I think you are in a position that is defensible, but not generous and 
therefore undesirable. The military equivalent would be defending a 
fortified landfill drained by a sewer. You don't _want_ to be there. 
Taking your argument to its ultimate conclusion is that we give up on 
genericity for strings and go home.

Strings are a variable-length encoding on top of an array. That is a 
relatively easy abstraction to model. Currently we don't have a 
dedicated model for that - we offer the encoded data as a bidirectional 
range and also the underlying array. Algorithms that work with 
bidirectional ranges work out of the box. Those that can use the 
representation gainfully can opportunistically specialize on isSomeString!R.

You contend that that doesn't "work", and I think you're wrong. But to 
the extent you have a case, an abstraction could be defined for 
variable-length encodings, and algorithms could be defined to work with 
that abstraction. I thought several times about that, but couldn't 
gather enough motivation for the simple reason that the current approach 
_works_.

>>> I'm not against making strings more opaque to encourage people to use
>>> the Unicode algorithms from the standard library instead of rolling
>>> their own.
>>
>> I'd say we're discussing making the two kinds of manipulation (encoded
>> sequence of logical character vs. array of code units) more
>> distinguished from each other. That's a Good Thing(tm).
>
> It's a good abstraction to show the theory of Unicode. But it's not the
> way to go if you want efficiency. For efficiency you need for each
> element in the string to use the lowest abstraction required to handle
> this element, so your algorithm needs to know about the various
> abstraction layers.

Correct.

> This is the kind of "range" I'd use to create algorithms dealing with
> Unicode properly:
>
> struct UnicodeRange(U)
> {
> U frontUnit() @property;
> dchar frontPoint() @property;
> immutable(U)[] frontGlyph() @property;
>
> void popFrontUnit();
> void popFrontPoint();
> void popFrontGlyph();
>
> ...
> }

We already have most of that. For a string s, s[0] is frontUnit, s.front 
is frontPoint, s = s[1 .. $] is popFrontUnit(), s.popFront() is 
popFrontPoint. We only need to define the glyph routines.

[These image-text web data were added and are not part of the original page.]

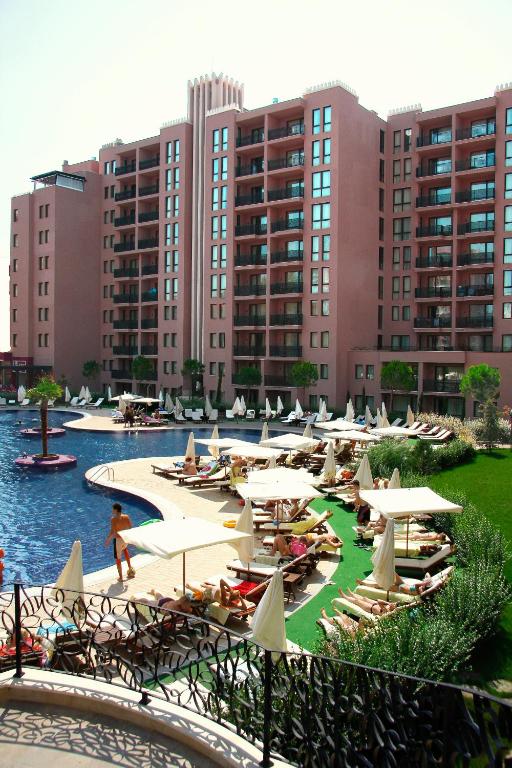 Royal Beach PM Aparthotel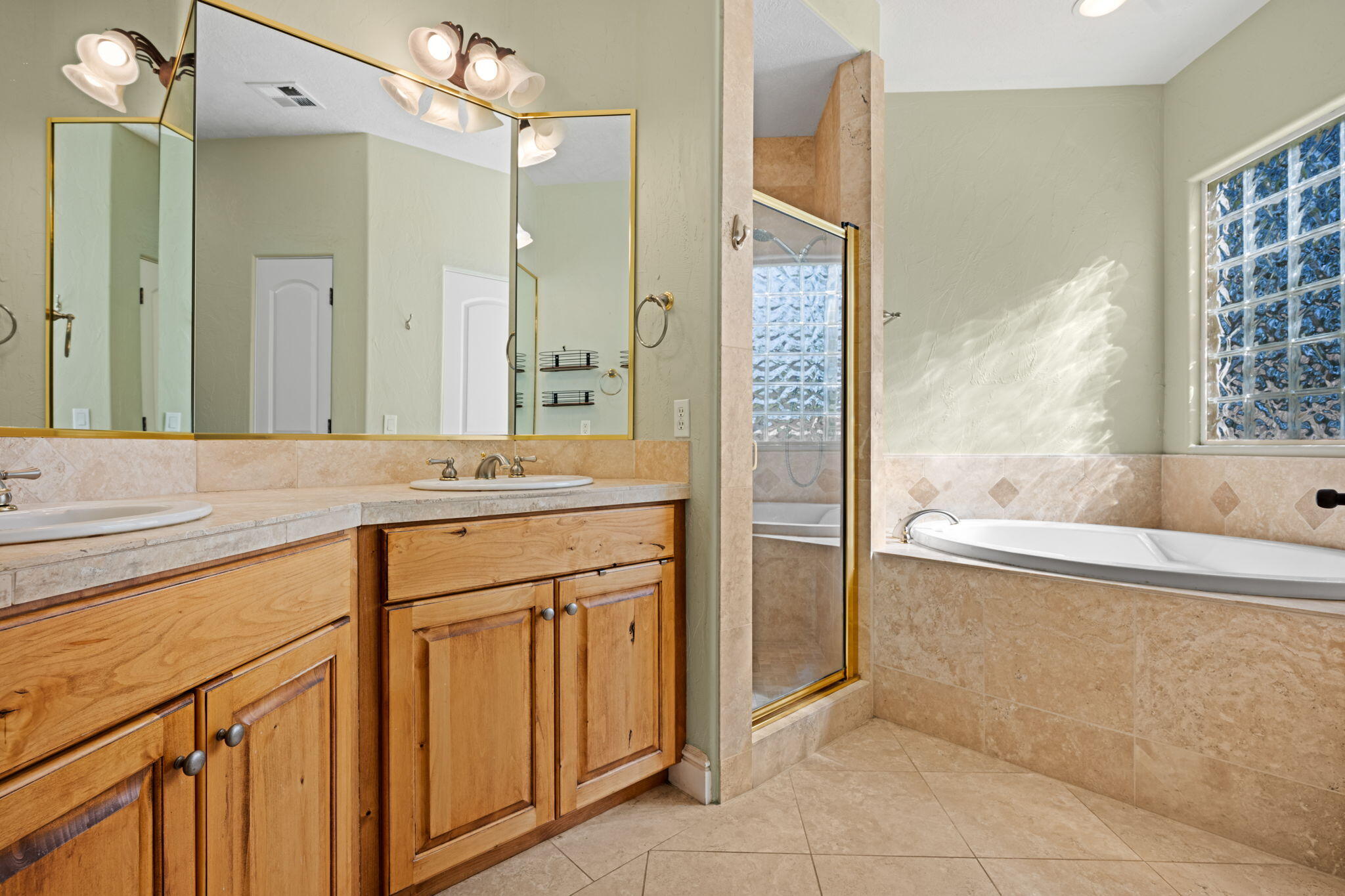 LEEDS TOWNSITE - Residential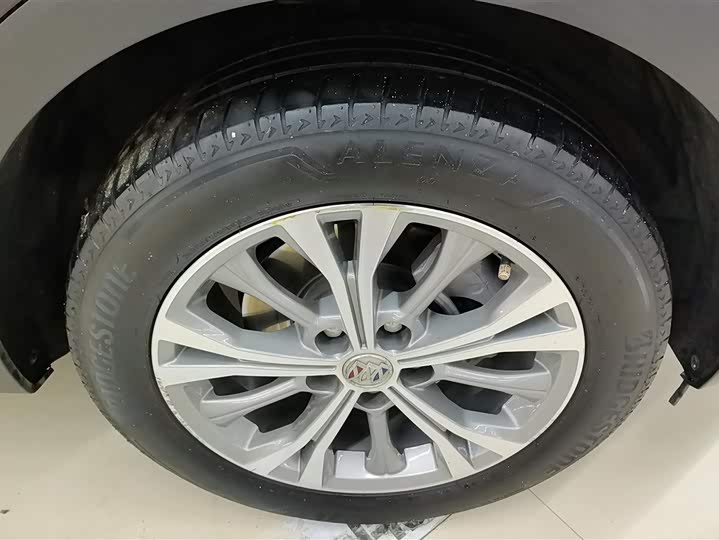 Фото 6 - Buick Envision Plus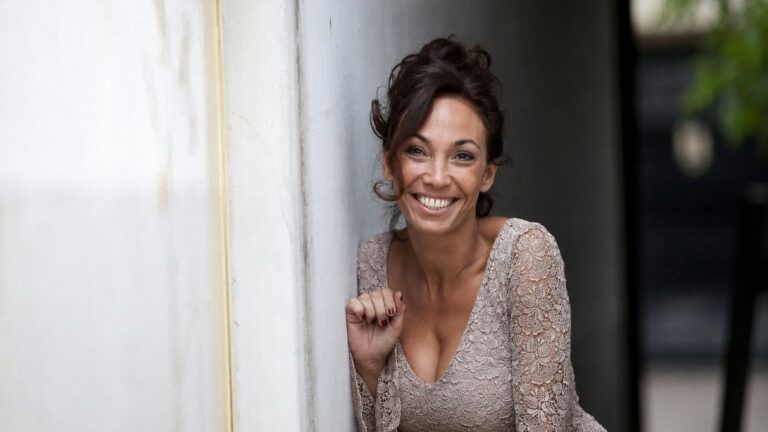 Ernestina Pais sonriente en un estudio de televisión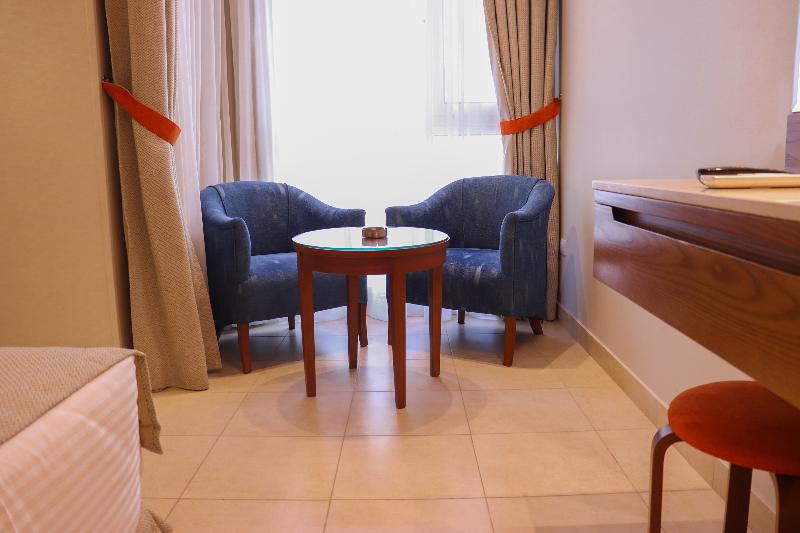 Almadiafa Hotel - Oda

But I think you'd be stopping short. You want generic variable-length 
encoding, not the above.

> Not really a range per your definition of ranges, but basically it lets
> you intermix working with units, code points, and glyphs. Add a way to
> slice at the unit level and a way to know the length at the unit level
> and it's all I need to make an efficient parser, or any algorithm really.

Except for the glpyhs implementation, we're already there. You are 
talking about existing capabilities!

> The problem with .raw is that it creates a separate range for the units.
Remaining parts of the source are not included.